English 241 Independent Research Project Report Guidelines
1) All reports should be sent to my inbox as attached MS-Word or RTF files by the Monday following the last week of classes. Early reports will be very much appreciated. Follow MLA style carefully, and be sure to include your primary sources in the Works Cited.
2) Make sure your introduction includes a historical and bibliographically descriptive context for the project, explaining the background of the document(s) you are working with and their significance. Feel free to draw on the first three papers if what you have written there is relevant.
3) Be sure to do adequate secondary scholarly research to establish that historical and bibliographic context. Do not neglect assigned readings in the syllabus, which I will assume you know well. If you fail to use obviously relevant assigned readings, I will take that as prima facie evidence you have not read them, which will count doubly against your final grade. If you use them where appropriate, I will reward you in both the class participation and writing portions of the grade. This should be standard preparation for writing submitted to any Goucher College 200-level and above course, but if you are unsure where or how far to go, please ask me for guidance. It's part of my job to teach you those expectations, so asking does no harm.
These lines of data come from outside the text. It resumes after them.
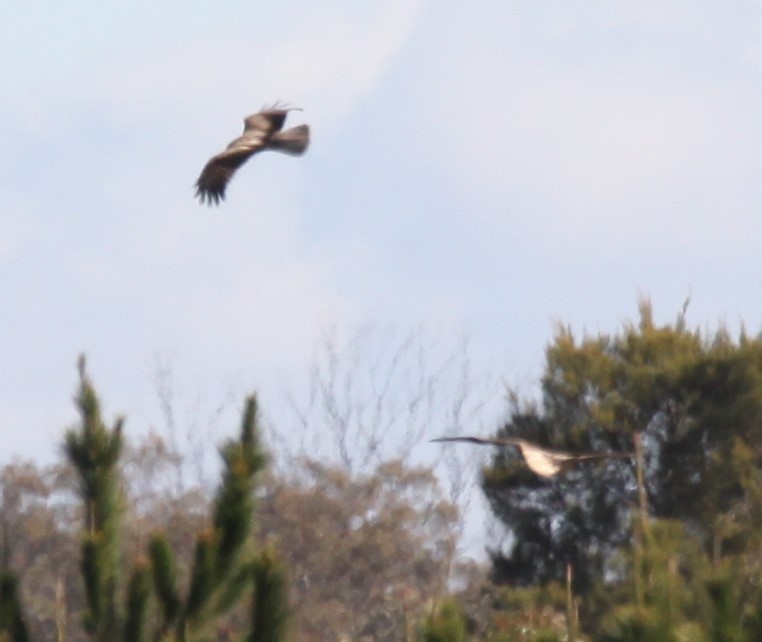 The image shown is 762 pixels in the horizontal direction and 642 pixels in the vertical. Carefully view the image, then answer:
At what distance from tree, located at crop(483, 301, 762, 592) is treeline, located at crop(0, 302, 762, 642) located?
0.09 ft

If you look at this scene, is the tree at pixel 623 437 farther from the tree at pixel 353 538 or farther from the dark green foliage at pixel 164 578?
the dark green foliage at pixel 164 578

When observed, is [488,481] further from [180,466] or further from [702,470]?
[180,466]

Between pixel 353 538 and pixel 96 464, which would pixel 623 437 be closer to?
pixel 353 538

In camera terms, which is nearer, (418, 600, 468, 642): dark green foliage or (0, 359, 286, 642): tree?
(418, 600, 468, 642): dark green foliage

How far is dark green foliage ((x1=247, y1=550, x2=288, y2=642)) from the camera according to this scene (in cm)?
577

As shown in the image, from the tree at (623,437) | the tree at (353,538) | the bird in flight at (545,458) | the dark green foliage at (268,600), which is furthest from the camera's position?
the tree at (353,538)

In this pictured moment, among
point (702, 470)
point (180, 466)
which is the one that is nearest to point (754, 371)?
point (702, 470)

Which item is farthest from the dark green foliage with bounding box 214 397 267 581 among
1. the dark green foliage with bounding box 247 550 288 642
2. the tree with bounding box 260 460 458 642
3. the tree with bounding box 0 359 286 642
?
the tree with bounding box 260 460 458 642

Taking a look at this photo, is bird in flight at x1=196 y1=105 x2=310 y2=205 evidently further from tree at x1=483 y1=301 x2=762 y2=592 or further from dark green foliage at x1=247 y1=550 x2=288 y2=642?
tree at x1=483 y1=301 x2=762 y2=592

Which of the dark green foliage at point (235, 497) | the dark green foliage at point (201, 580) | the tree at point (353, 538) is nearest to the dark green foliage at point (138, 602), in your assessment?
the dark green foliage at point (201, 580)

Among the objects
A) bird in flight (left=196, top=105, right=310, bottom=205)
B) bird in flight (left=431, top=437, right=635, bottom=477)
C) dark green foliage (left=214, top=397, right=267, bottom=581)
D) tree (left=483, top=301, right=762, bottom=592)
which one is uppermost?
tree (left=483, top=301, right=762, bottom=592)

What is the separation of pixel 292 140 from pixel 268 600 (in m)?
3.35

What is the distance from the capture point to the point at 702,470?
26.4 metres

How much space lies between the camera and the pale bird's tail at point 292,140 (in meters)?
A: 8.68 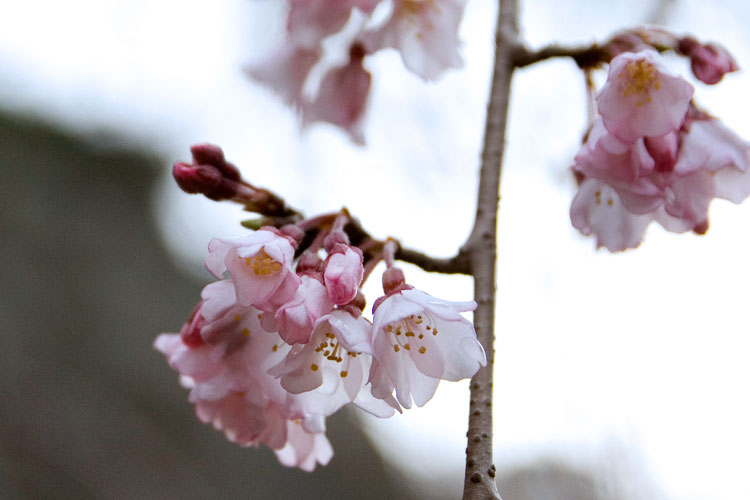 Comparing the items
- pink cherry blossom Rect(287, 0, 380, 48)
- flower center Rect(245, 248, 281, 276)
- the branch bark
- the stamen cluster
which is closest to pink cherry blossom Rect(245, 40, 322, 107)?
pink cherry blossom Rect(287, 0, 380, 48)

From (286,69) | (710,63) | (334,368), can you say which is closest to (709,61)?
(710,63)

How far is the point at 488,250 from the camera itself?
90cm

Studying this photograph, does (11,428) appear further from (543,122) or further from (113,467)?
(543,122)

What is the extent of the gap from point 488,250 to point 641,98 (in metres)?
0.26

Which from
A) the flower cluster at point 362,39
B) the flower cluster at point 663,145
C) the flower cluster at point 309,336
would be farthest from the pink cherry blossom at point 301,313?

I also want to make sure the project does serious enough work for a 200-level English class without destroying your schedule or GPA for other classes.
4) Please think through the significance of what you are working with. I urge you to talk with other members of the course about what you are doing, starting with the IRP progress reports during the last week of classes. Make that the beginning rather than the end of the conversation. Be each other's colleagues and help each other learn.
5) Please copy-edit your report for coherence overall, including a unifying thesis, reasonable paragraph transitions, appropriate use of digital illustrations with suitable source acknowledgements where needed, and all routine format details that scholarly readers expect in published articles (titles, page numbering, italics for larger works' titles and quotation marks for shorter articles etc.).
6) Before you send me the paper, read it aloud to yourself, and to a colleague in the class, if possible. Help each other learn to write better English prose. Help your own texts to become worthy of being read a thousand years into the future!